#### Data listing:

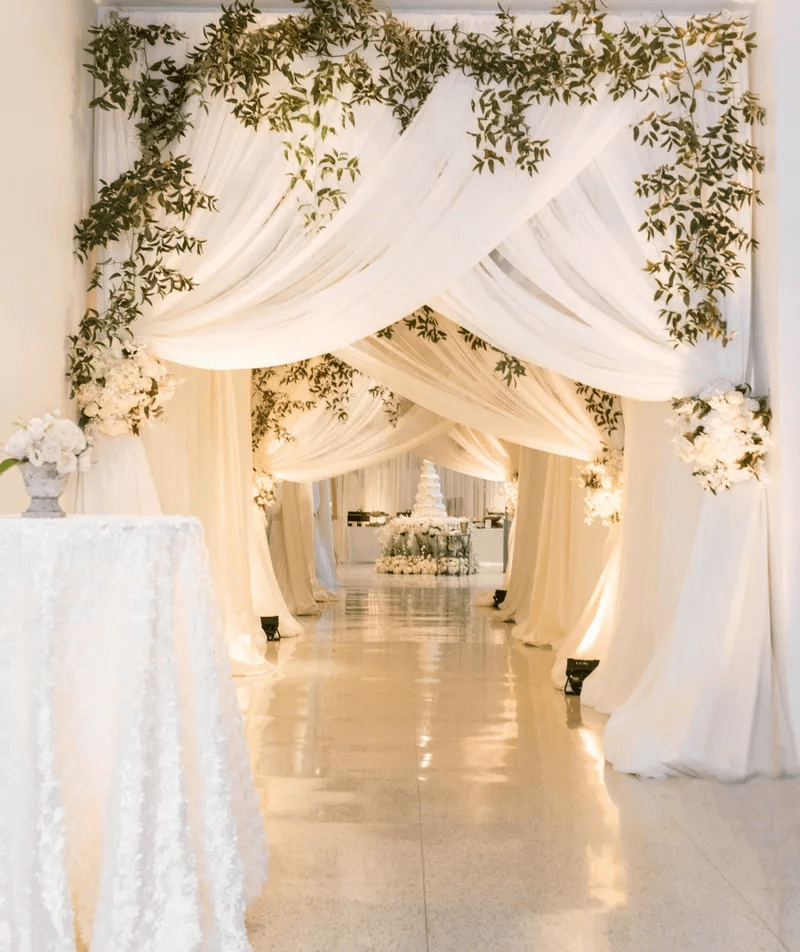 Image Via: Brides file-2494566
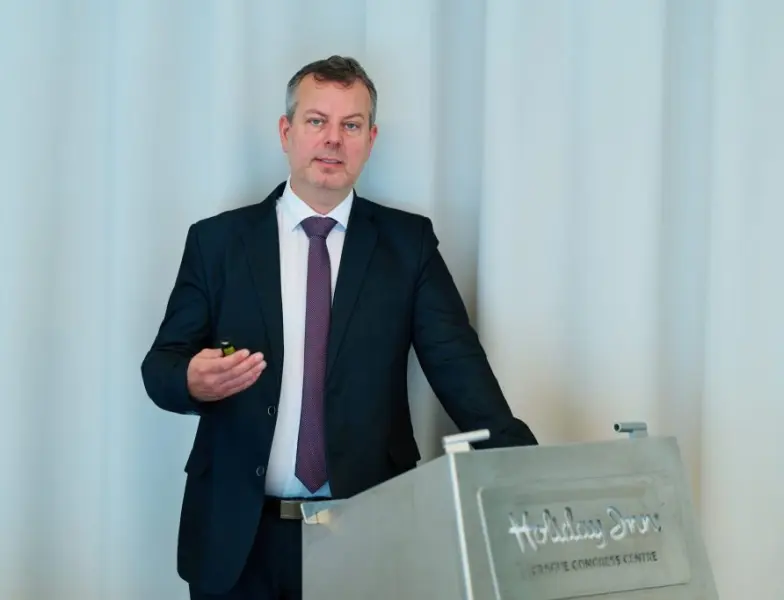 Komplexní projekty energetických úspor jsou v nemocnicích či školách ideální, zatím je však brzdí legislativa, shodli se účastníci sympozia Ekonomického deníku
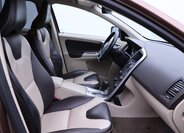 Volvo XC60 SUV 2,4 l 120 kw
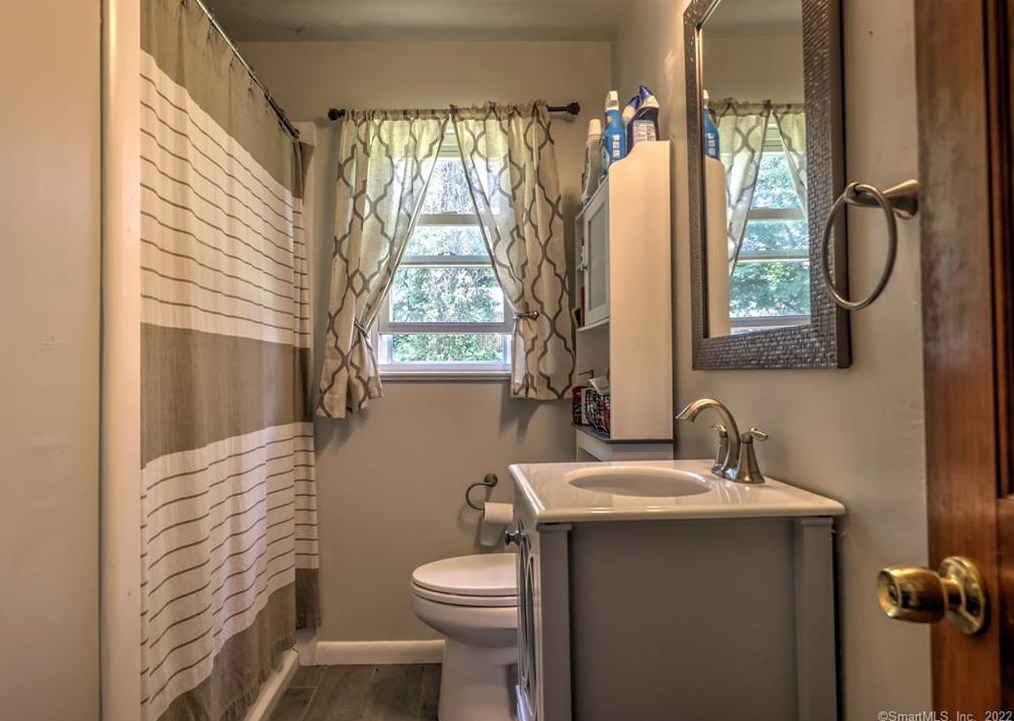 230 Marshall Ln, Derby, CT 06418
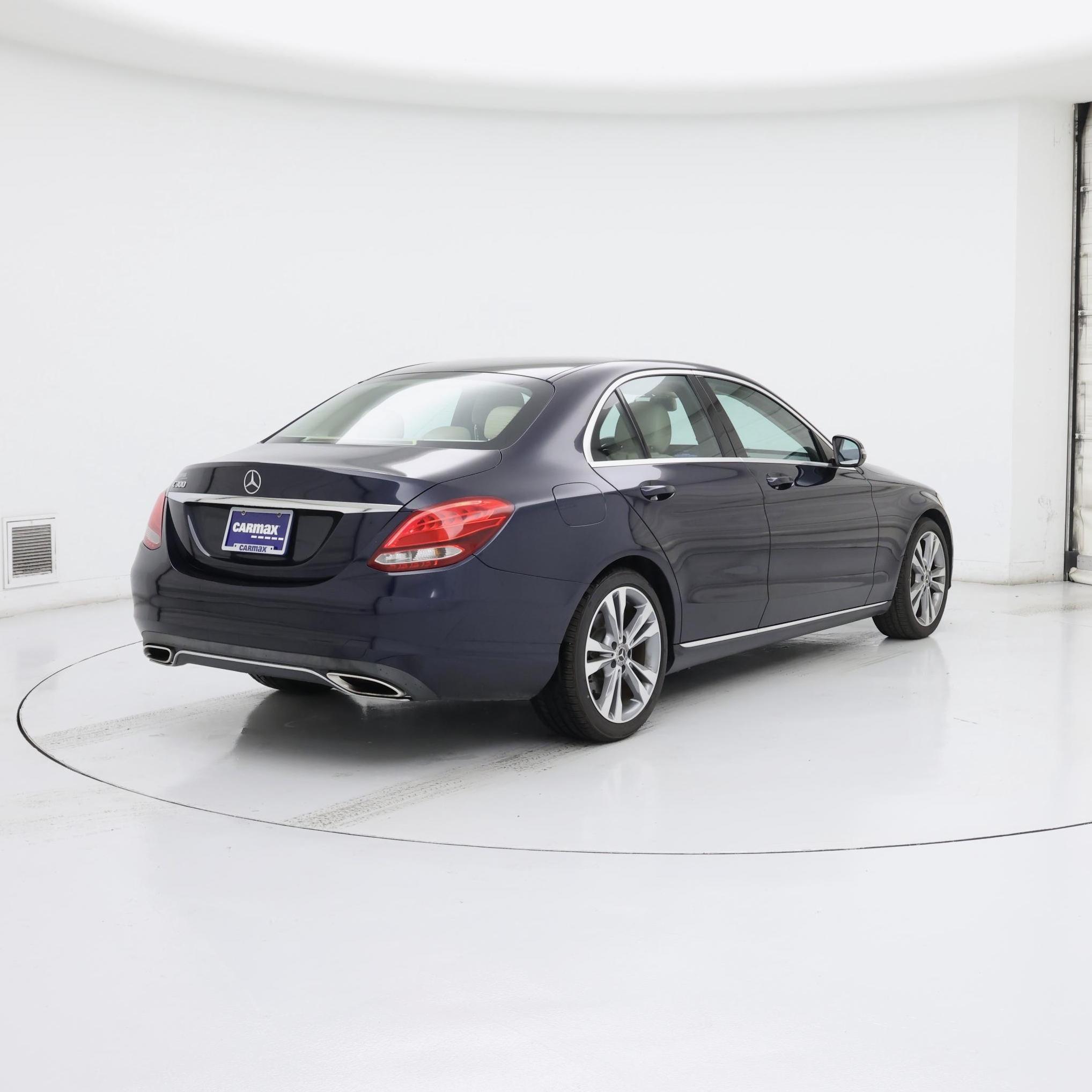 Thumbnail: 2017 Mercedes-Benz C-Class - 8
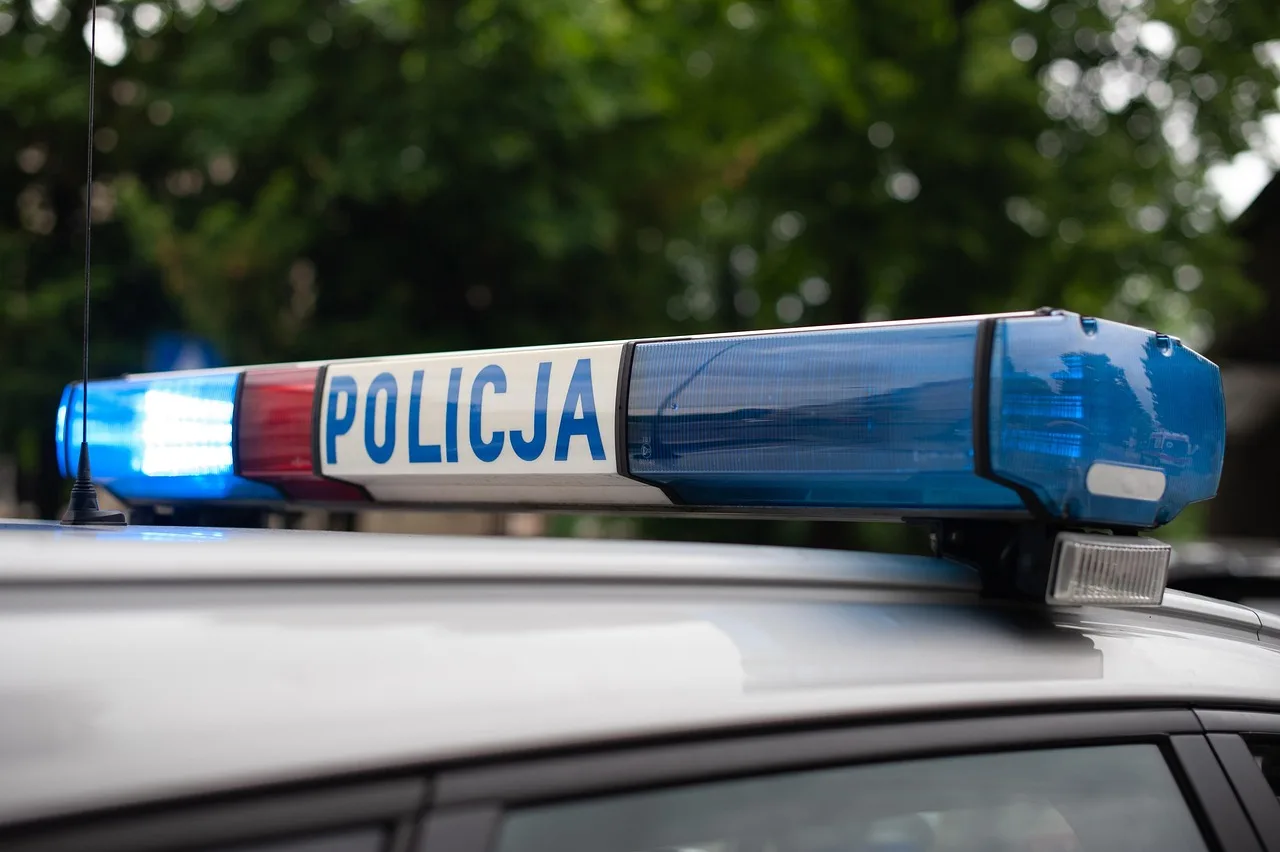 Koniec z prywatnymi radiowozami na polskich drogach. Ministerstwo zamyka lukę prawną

#### Required action:
Transcribe all the material exactly; skip every image.

#### Answer area:
 Image Via: Brides file-2494566
 Komplexní projekty energetických úspor jsou v nemocnicích či školách ideální, zatím je však brzdí legislativa, shodli se účastníci sympozia Ekonomického deníku
 Volvo XC60 SUV 2,4 l 120 kw
 230 Marshall Ln, Derby, CT 06418
 Thumbnail: 2017 Mercedes-Benz C-Class - 8
 Koniec z prywatnymi radiowozami na polskich drogach. Ministerstwo zamyka lukę prawną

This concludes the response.